Estou nervoso, mal consegui dormir à noite. Os ruídos do teatro lotado invadem os bastidores e percorrem meus ossos, reverberando e me fazendo tiritar como se fizesse frio, ao mesmo tempo em que suo como se o sol houvesse caído na Terra.
Não consigo pronunciar palavras quando me perguntam se está tudo bem, apenas evito olhar nos olhos de qualquer um para não ser pego na mentira e aceno que sim com a cabeça, voltando ao aquecimento. Na verdade, saber que ela não está naquela plateia faz meu corpo querer desistir, mas a promessa que fiz a ela não permite que o faça.
— Cinco minutos, pessoal — avisa Luís.
Hoje minha vida pode mudar drasticamente e a única pessoa responsável por tudo isso não está aqui para dividir um momento assim comigo.
Sem que eu possa evitar, lembranças do passado invadem minha mente, tornando-se um empecilho para minha concentração:
— Ai! — gritei quando Júlia cutucou meu tornozelo.
— É, parece uma entorse. Eu avisei que você não estava preparado para aquele salto.
— Mas eu preciso dele pra completar minha coreografia e me qualificar para a competição nacional.
— Sinto muito, Bruno, mas você não pode competir mais com o tornozelo assim — Júlia disse, ficando de pé e estendendo a mão. — Vem! Te ajudo.
— Isso não é nada! Em dois dias eu me recupero e então posso terminar os ensaios a tempo do final de semana — estiquei o braço para alcançá-la.
— Vai por mim, você não vai querer arriscar reproduzir aquele salto com essa entorse.
— Relaxa Júlia! Não é por que você se ferrou tentando fazer aquela dança maluca no ano passado que eu também vou — só depois de dizer, percebi o quão rude fui.
Júlia soltou meu braço e eu caí de bunda no chão, enquanto ela saía do estúdio sem olhar para trás.
Volto ao presente e sigo os outros bailarinos até o palco para a apresentação em grupo. Um rápido passear de olhos pela plateia confirma o que eu já esperava. Júlia não está presente.
A música começa e eu fico em posição. A competição está fácil esse ano. Nenhum grupo tem uma coreografia tão moderna quanto a nossa. A falta de preocupação me leva de volta a uma nova recordação:
— Está vendo? Eu disse que conseguiria! — finalmente consegui reproduzir o salto.
— Eu nunca duvidei de sua capacidade, Bruno, mas acho que você não está pronto pra esse movimento. Ele é muito arriscado, ainda mais pra quem acaba de se recuperar de uma entorse — Júlia se preocupou.

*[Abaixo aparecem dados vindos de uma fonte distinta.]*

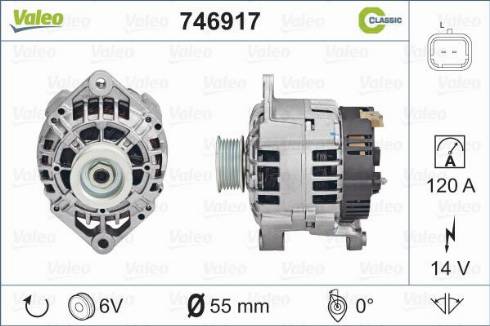 Valeo 746917 - Alternatore www.autoricambit.com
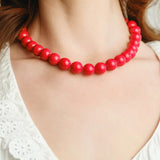 Susan Shaw Palmer’s Necklace in Red Coral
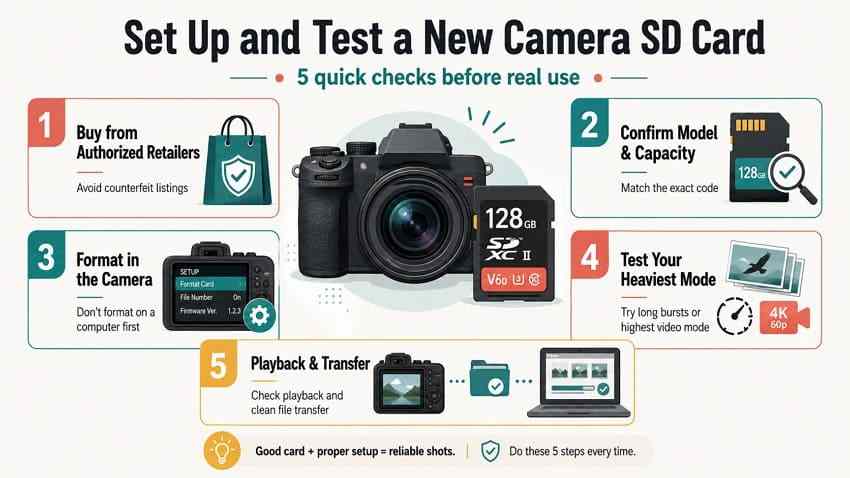 setup sd cards for cameras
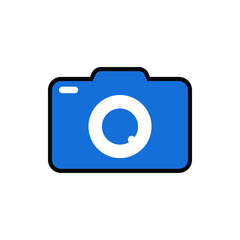 Camera icon vector. Camera icon isolated on white background. Camera icon simple and modern for app, web and design.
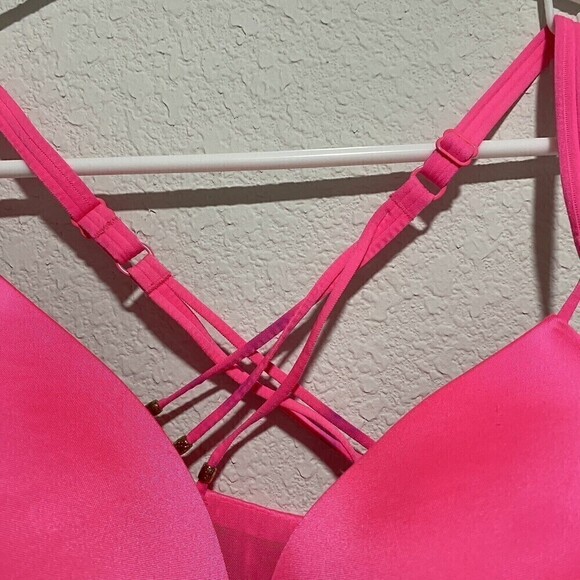 VICTORIA'S SECRET VERY SEXY PUSH-UP FRONT CLOSURE BRA WOMENS SIZE 34DD - Picture 11 of 12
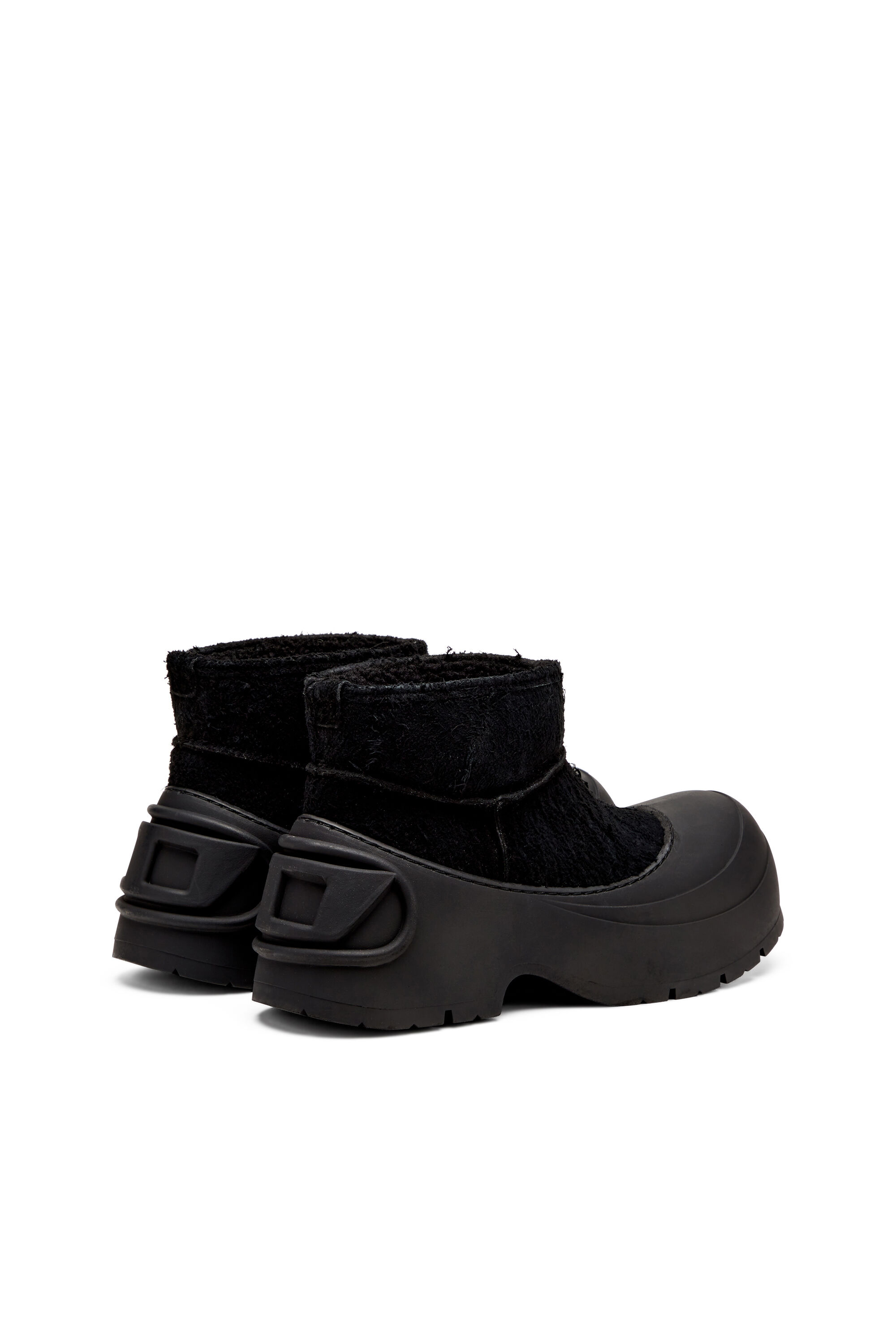 D-DONALD MONTONE D-Donald-Chunky ankle boot with lug sole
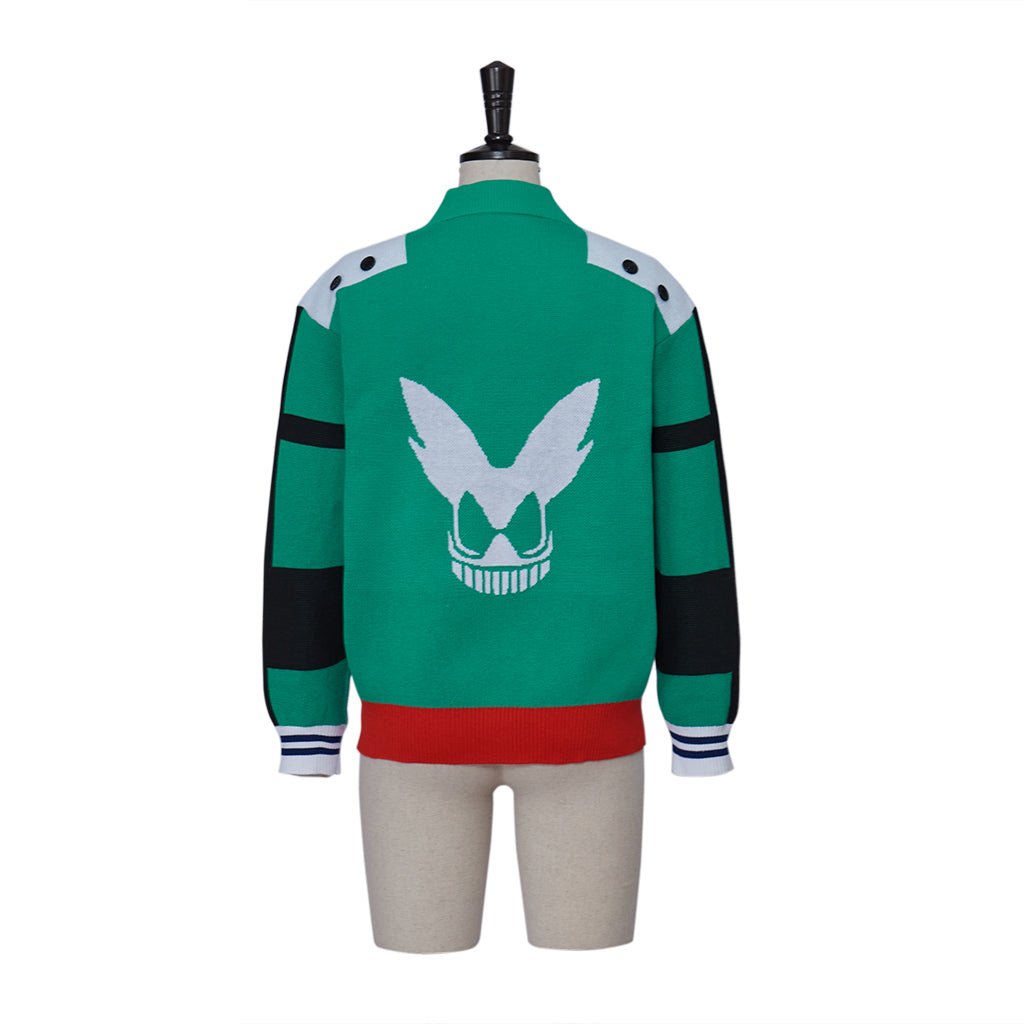 My Hero Academia Izuku Midoriya "Deku" Knitted Cardigan Sweater - Anime Cosplay Casual Wear - Coscosmos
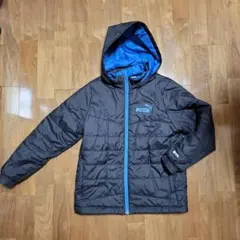 PUMA フード付き中綿コート 黒/青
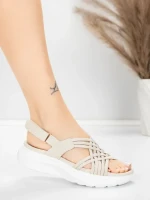 Ženski sandali s platformo 5GS67 Bež | Mei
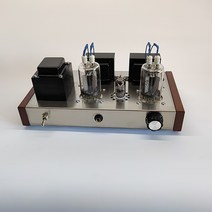 헤드폰 앰프 진공관 튜브 오디오 푸시풀 파워 엠프, 스테인리스 스틸 케이스 앰프 6n2+fu19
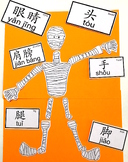 Halloween: Parts of the Body Mummy Activity (Chinese 中文)
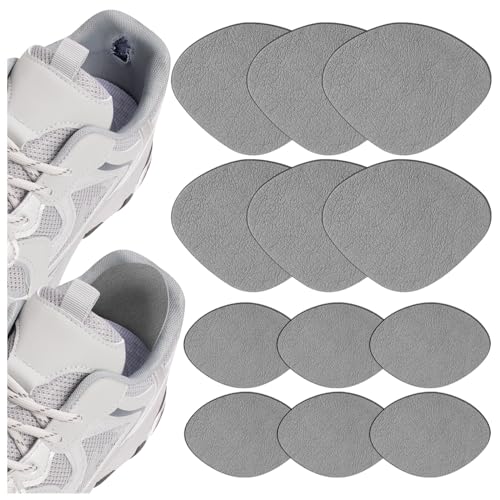 6 Pair Leather Heel Pads, Heel Grips Liner Cushions Protectors for Pain Relief, Inserts for...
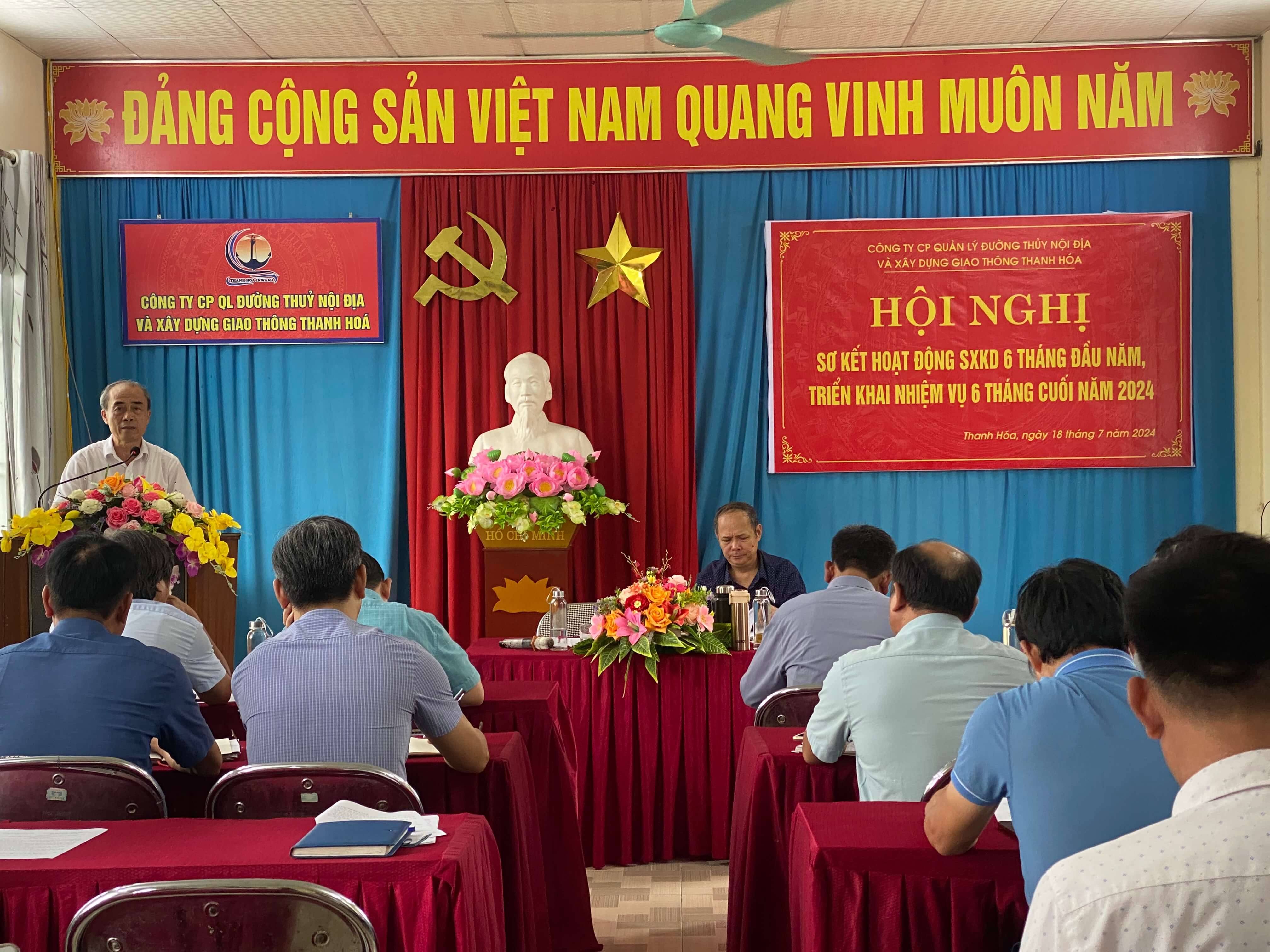 HỘI NGHỊ SƠ KẾT HOẠT ĐỘNG SXKD 6 THÁNG ĐẦU NĂM, TRIỂN KHAI NHIỆM VỤ 6 THÁNG CUỐI NĂM 2024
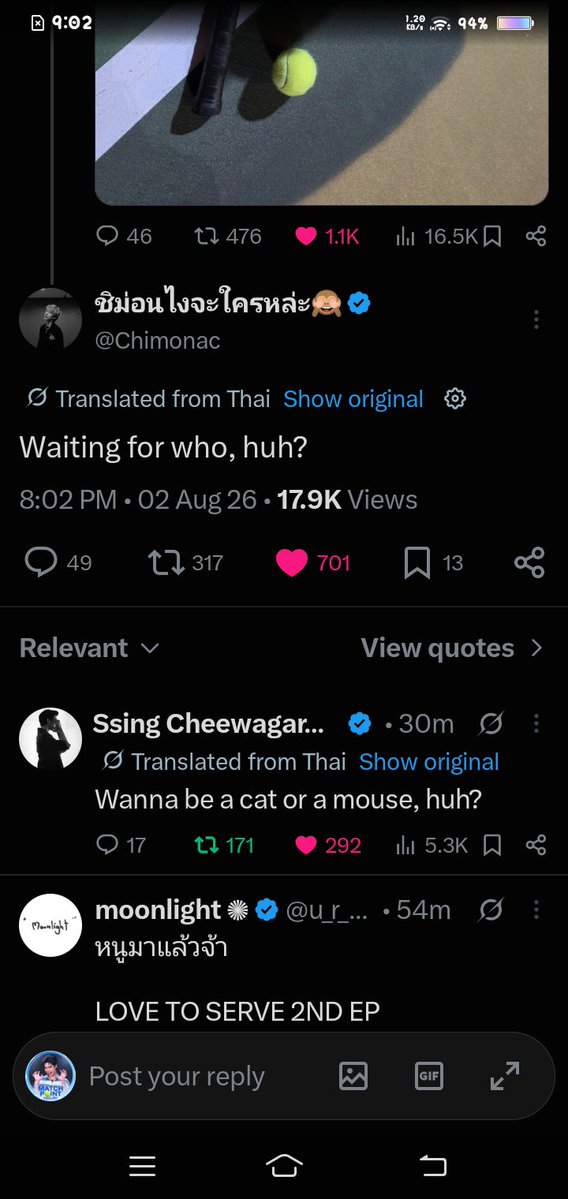 gogoi61519's tweet photo. What's happening here????😭😭😭
#MatchPointEP2
#SingChimon
#Ssingss
#Chimonac https://t.co/0yCJSiN8B9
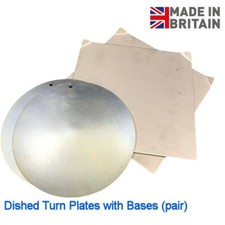 Dished Turn Plates with Base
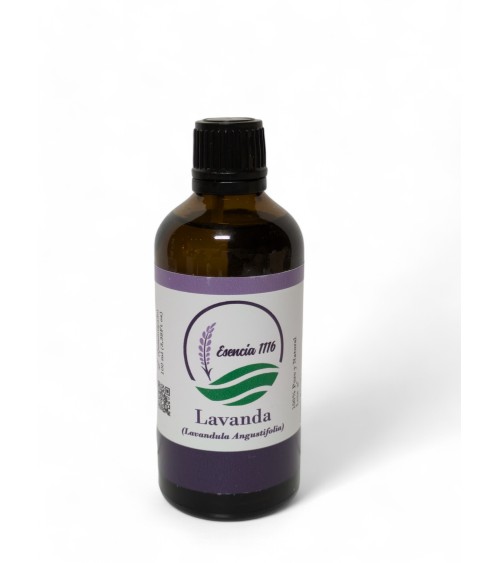 FRASCO DE 100 ml CON GOTERO DE LAVANDA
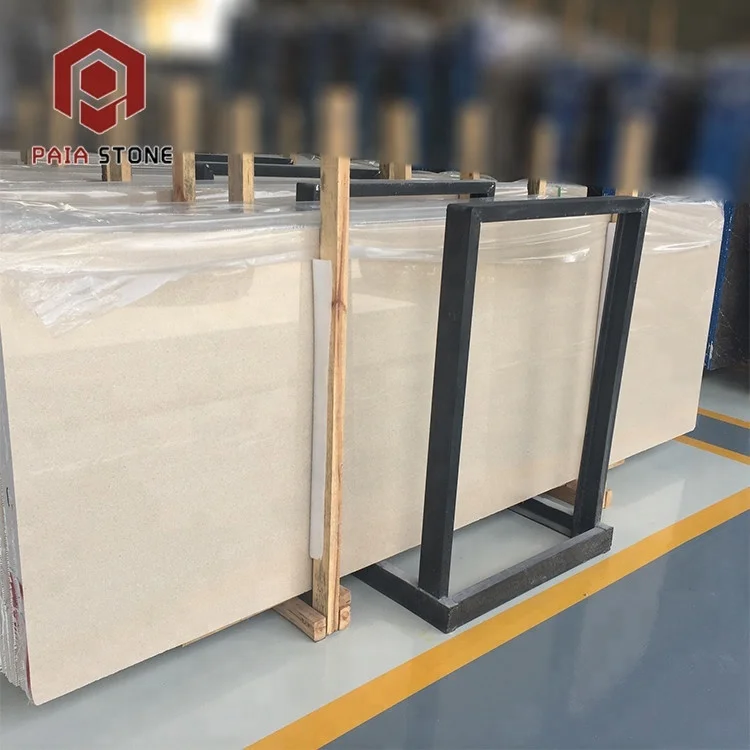 product customized chinese cheap price beige travertine stone marble floor tile-2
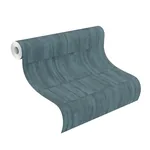 Brewster Home Fashions Buck Teal Horizontal Wallpaper - SKU 4096-560336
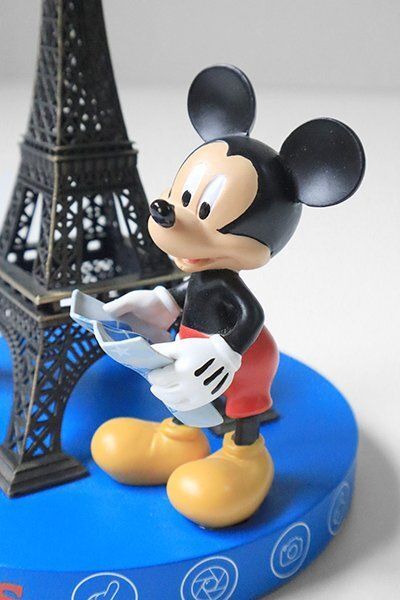 ディズニーランドパリ 限定 ☆ ミッキーマウス ＆ エッフェル塔 置物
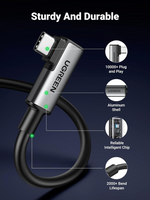 UGREEN 90629 Right Angle USB-C to USB-C Link Cable 5m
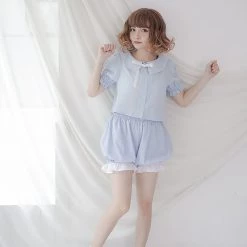 Juwas NEW ARRIVAL Kawaii Ruffle Pajama Shorts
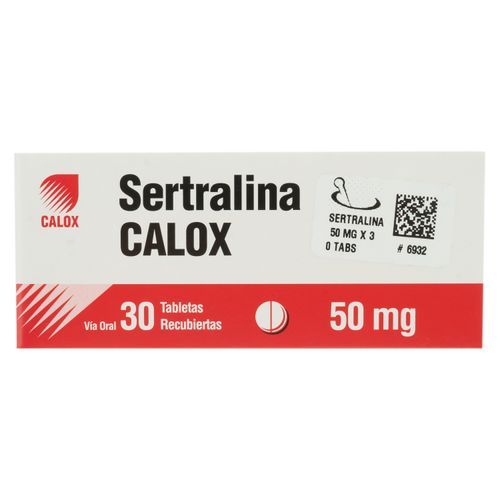 Sertralina C 50Mg X30 Tab X Caja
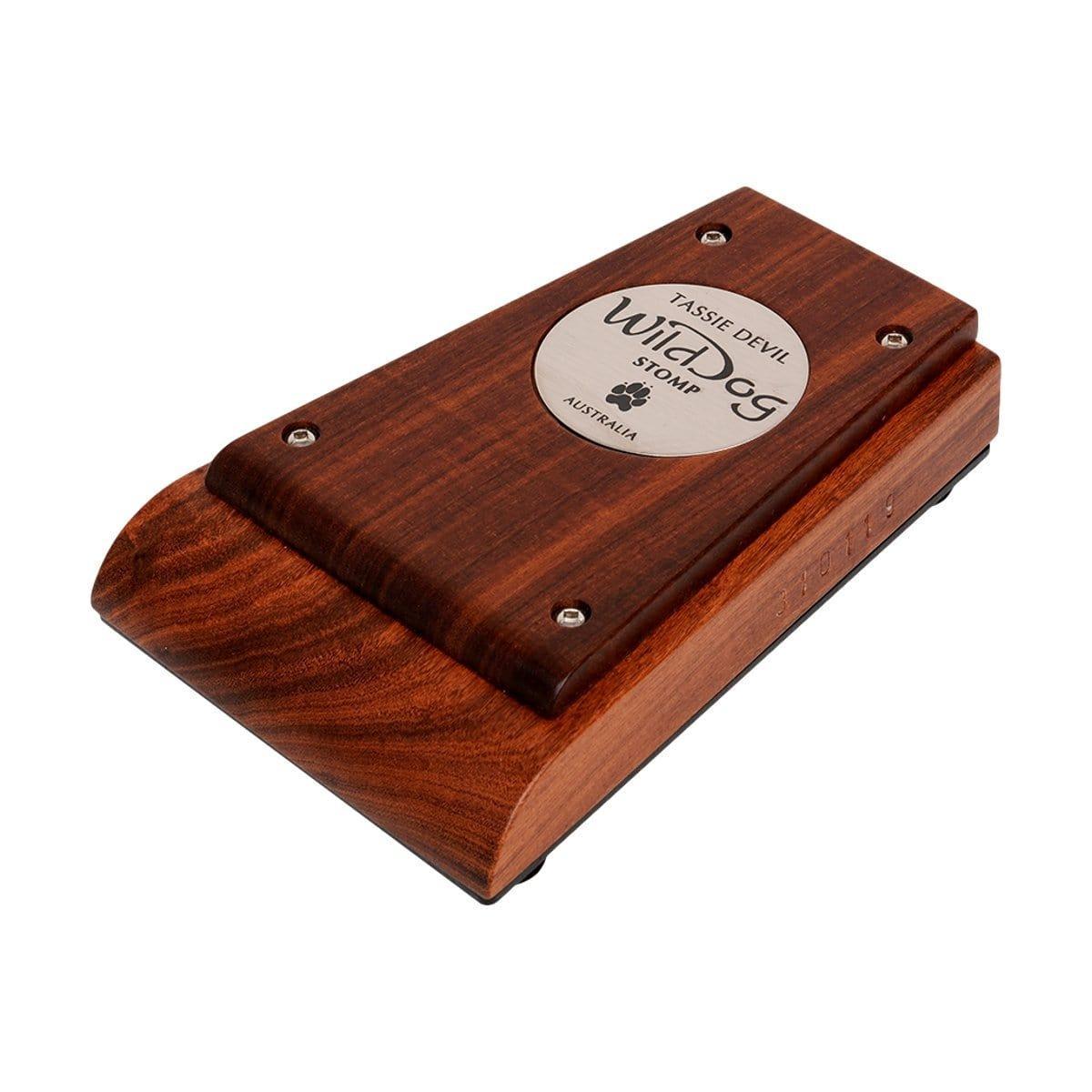 Tassie Devil Compact Stomp Box Deluxe Timbers - Stomp Boxes by Wild Dog at Muso's Stuff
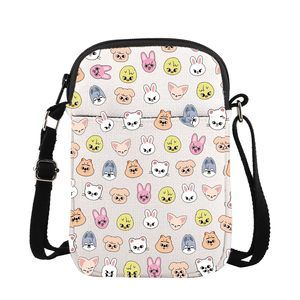 Sk-Z Crossbody Bag S-Kz O-O K-Pop Fans Gift Sk-Z Cartoon Member Shoulder Bag :'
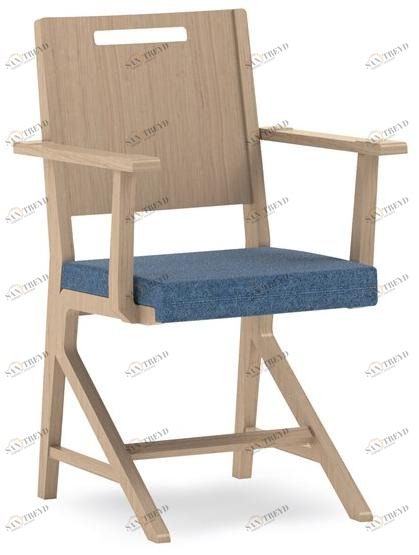 PIAVAL Стул из ткани с подлокотниками Swing | health & care 32-63/3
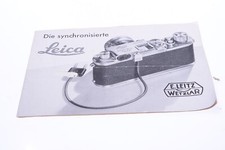   LEICA IIIF CAMERA SYNCHRONISATION ORIGINAL INSTRUCTIONS MANUAL GERMAN 136-2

— Eu já sei onde estava errando e já corrigi. A minha postura durante a queda estava comprometendo meu apoio na aterrissagem, e com a modificação que fiz, a coreografia ficou até mais bonita.
— Isso é verdade, mas fico preocupada por causa da sua lesão. Se tivesse pensado nisso antes...
— Olha Júlia! Se for pra ficar me agourando, é melhor você nem me ajudar mais! — eu achava estar certo no momento.
—Nesse caso, acho que o melhor é que eu nem vá assistir à sua apresentação, já que eu só incomodo.
— Ah, menos drama, por favor.
Repeti a parte complicada da coreografia uma vez mais, e desabei no chão ao tentar o salto novamente.
— Bruno! — ela veio correndo ao meu socorro. — Eu sabia que isso ia acontecer! E bem que te avisei, mas você...
— Já chega! — gritei quando ela tentou me ajudar. — Acho que você tem razão... É melhor nem ir assistir à apresentação. Se eu errei é por que você me desconcentrou com seu pessimismo e sua inveja.
Júlia não me retrucou, somente me olhou decepcionada e saiu, acelerando os passos até correr. Eu me descontrolei e gritei bem alto de raiva, não por causa dela, mas porque sabia que tinha caído por sentir dor no tornozelo, e não por ela ter me desconcentrado.
Tudo está embaçado quando retomo a visão do momento atual. Meus olhos estão marejados por lágrimas amargas carregadas de tristeza e arrependimento. A apresentação em grupo termina e volto aos bastidores, esperando que os duetos terminem. Não estou tão ansioso pelo meu solo, e meu nervosismo não é mais devido à ânsia de impressionar os scouters, mas por não ter certeza de que Júlia tenha reconsiderado me ver dançar.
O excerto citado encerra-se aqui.